Britain is a world leader in Covid vaccinations but the Government was caught in yet another row today after ministers sent out mixed messages over whether holidays, currently illegal under lockdown rules, would be permitted in the summer. Mr Hancock has told how he has already booked a summer break to Cornwall.
Emphasising how key the vaccine roll-out is, the Health Secretary told LBC Radio: “I absolutely hope for a great British summer and I’m working incredibly hard to try to make sure that that can happen and the best part of that is the vaccine roll-out, which is our route out of this.
“The vaccine roll-out is going very well, over 13 million people now have been vaccinated and that’s our way out of it. That’s the way to a more safe and more secure future when you won’t have to ask the Health Secretary whether you can go on holiday or not.”

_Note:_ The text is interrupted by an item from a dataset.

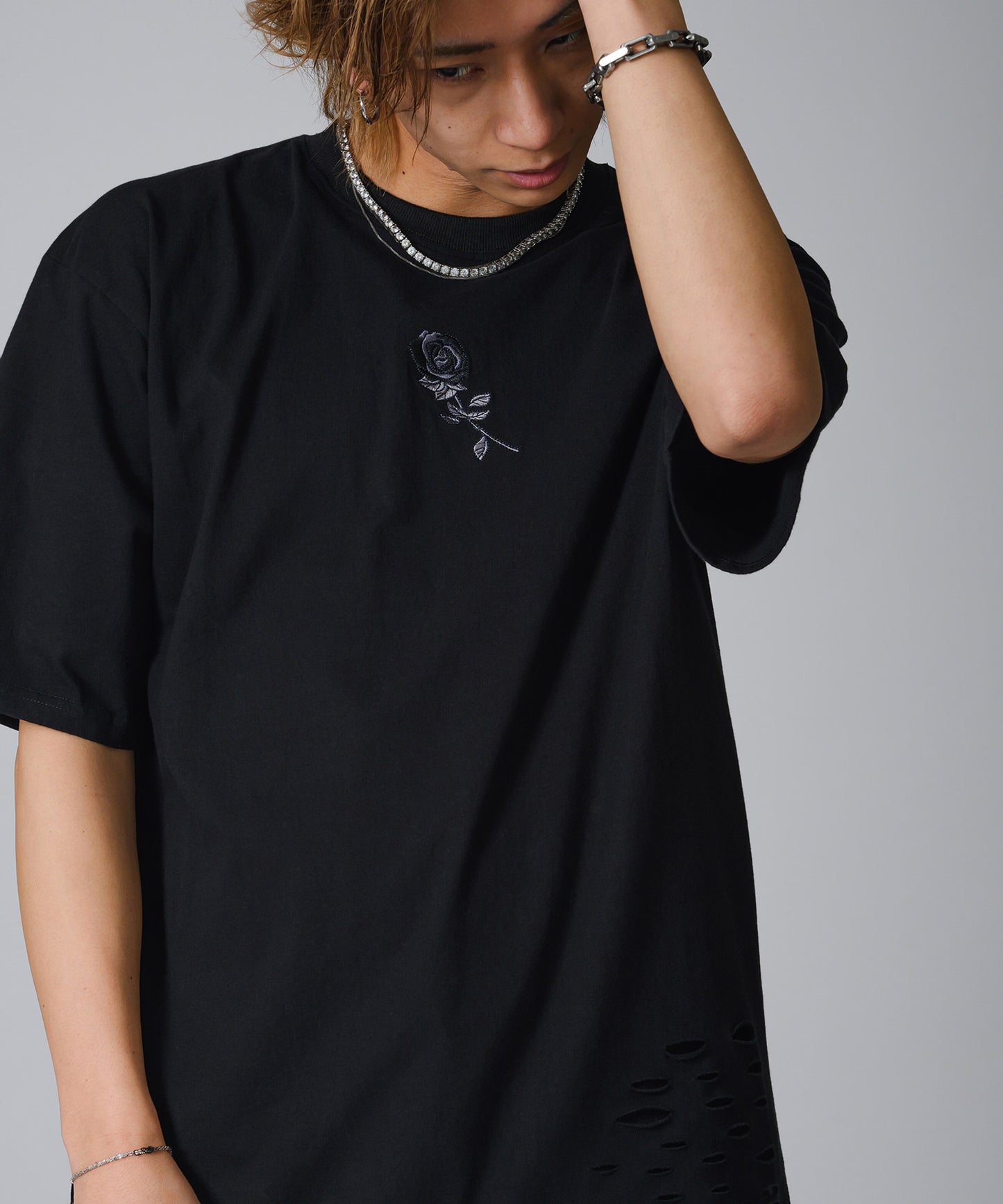 ローズ刺繍グランジTシャツ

In other developments:Sir Jeremy Farrar, director of the Wellcome Trust and a member of the Government’s Scientific Advisory Group for Emergencies, said Britain can beat the virus to avoid any more lockdowns by getting “population immunity” with the vaccine roll-out, including for schoolchildren.
However, he also warned against easing lockdown too early, stressing: “There are 750,000 people today in the UK infected [with Covid-19], there’s still huge pressure on the NHS and on critical care in this country.”

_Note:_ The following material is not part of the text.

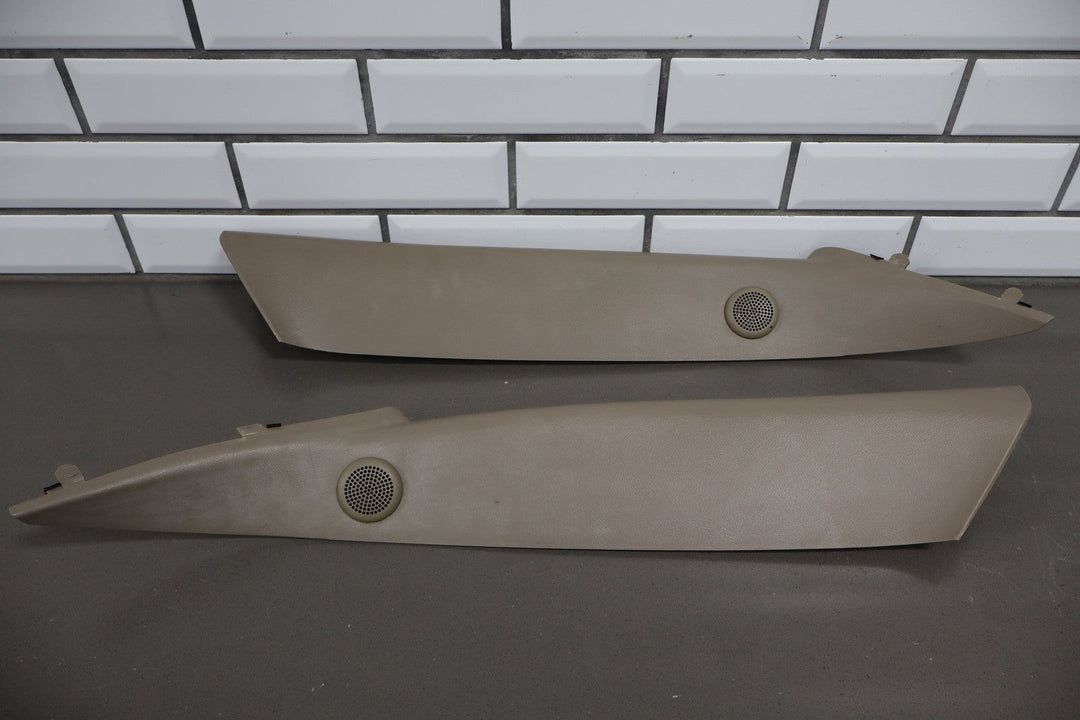 2003 - 2006 GMC Sierra 2500 HD Pair Interior A Pillar Trim W/Tweeters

Professor Lawrence Young, a Warwick University virologist, told LBC: “I’m hoping that come the end of the year, we will be as close to normal as possible. I anticipate there might still be some restrictions as we go about our daily business but I’m thinking that if we can achieve the goal and get every adult vaccinated by the autumn, we will be in a much, much better position.”
However, Professor John Edmunds, epidemiologist at the London School of Hygiene and Tropical Medicine, said it is “touch and go” whether secondary schools can go back without pushing the R rate above one, which would mean that cases would rise again.
He told ITV’s Peston show that the new Bristol variant made him “very” cautious about opening all schools.
He added it “potentially …. may be able to re-infect people who have been previously infected or have been previously vaccinated, that’s the real worry with that particular virus”.
Professor Sharon Peacock, director of the Covid-19 Genomics UK consortium, told how scientists could be battling Covid-19 for at least 10 years and that the Kent strain would “sweep the world, in all probability”.
The professor of public health and microbiology at Cambridge University’s Department of Medicine made clear the threat from the virus would be hugely diminished as vaccines are rolled out, medicines improve and people understand how social distancing can combat it.
She also explained that the virus may change to no longer be fatal or cause serious illness, though scientists would be working on its transmissibility for a long time.
“Once we get on top of [the virus] or it mutates itself out of being virulent then we can stop worrying about it. But I think, looking in the future, we’re going to be doing this for years,” she told the BBC.